Die dem Kind erteilte erste und wichtigste Ermahnung: „Behalte stets das Ziel im Auge” schloß alle anderen Regeln in sich. Es wäre gut, wenn wir uns gelegentlich prüften und sähen, was wirklich unser Ziel ist. Auf Seite 85 in „Miscellaneous Writings” lesen wir: „Vollkommenheit, das Ziel des Daseins, wird nicht in einem Augenblick erreicht, und die dazu führende Erneuerung geht allmählich vor sich; denn sie erreicht ihren Höhepunkt in der Erfüllung der göttlichen Regel in der Wissenschaft: ‚Darum sollt ihr vollkommen sein, gleichwie euer Vater im Himmel vollkommen ist‘”. Vollkommenheit ist also das Ziel, dem wir unser Denken jeden Augenblick des Tages widmen sollten; und um dies zu tun, müssen wir bereitwillig jeden falschen Wunsch aufgeben. Unser Denken auf das Erlangen irdischen Reichtums, weltlicher Macht, von Beliebtheit und Ansehen zu richten und gleichzeitig dem Ziel Vollkommenheit schnell entgegenzuschreiten, ist ein Ding der Unmöglichkeit. Jesus sagte: „Ihr könnt nicht Gott dienen und dem Mammon”. Wir sollten uns bewußt sein, daß Vollkommenheit nicht etwas Abstraktes sondern in der Tat ein überaus praktisches Ziel ist. Denn wie wir der Verwirklichung der Vollkommenheit jeden Tag ein wenig näher kommen, wie wir barmherziger, gerechter, geduldiger, liebevoller werden, finden wir, daß wir unsere Alltagsaufgaben mit einer nie zuvor erreichten Leichtigkeit und Ordentlichkeit ausführen.

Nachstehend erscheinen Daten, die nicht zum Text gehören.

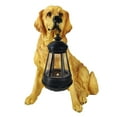 thumbnail image 2 of yotijay Solar Light Dog Statue Garden Ornament LED Yard Figurine Lamp Golden Retriever, 2 of 9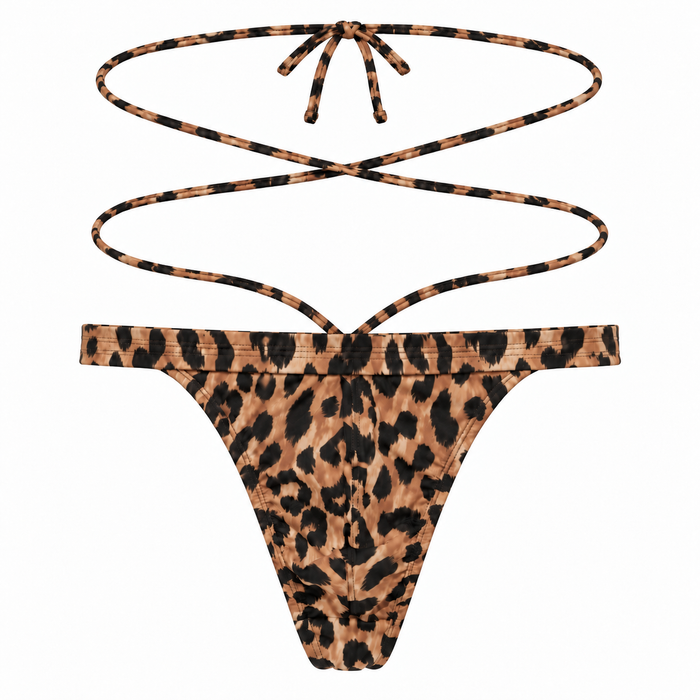TBACK THONG LEOPARD
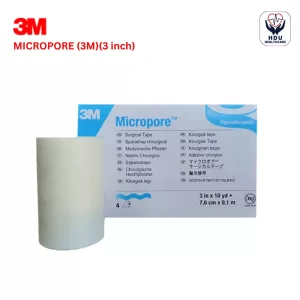 3M Micropore Surgical Tape, 1530 Series | 3 Inch | Pack of 12 Rolls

Es ist beachtenswert, daß das Kind den Sieg davontrug, weil es jede einzelne ihm erteilte Regel befolgte. Beim Übergang von einer materiellen Daseinsauffassung zum Ziel geistiger Vollkommenheit sollten wir ebenso gehorsam dieselben Gebote befolgen: das Ziel im Auge zu behalten, unsere Reisegefährten nicht lieblos zu mustern und zu tadeln, uns durch Menschenlob nicht aufhalten zu lassen, nie innezuhalten, was uns auch entgegentreten mag! Glücklich und des endgültigen Erfolgs gewiß ist, wer am Ende jedes Tages demütig und dankbar zu seinem Vater aufblicken und sagen kann: „Ich habe daran gedacht!”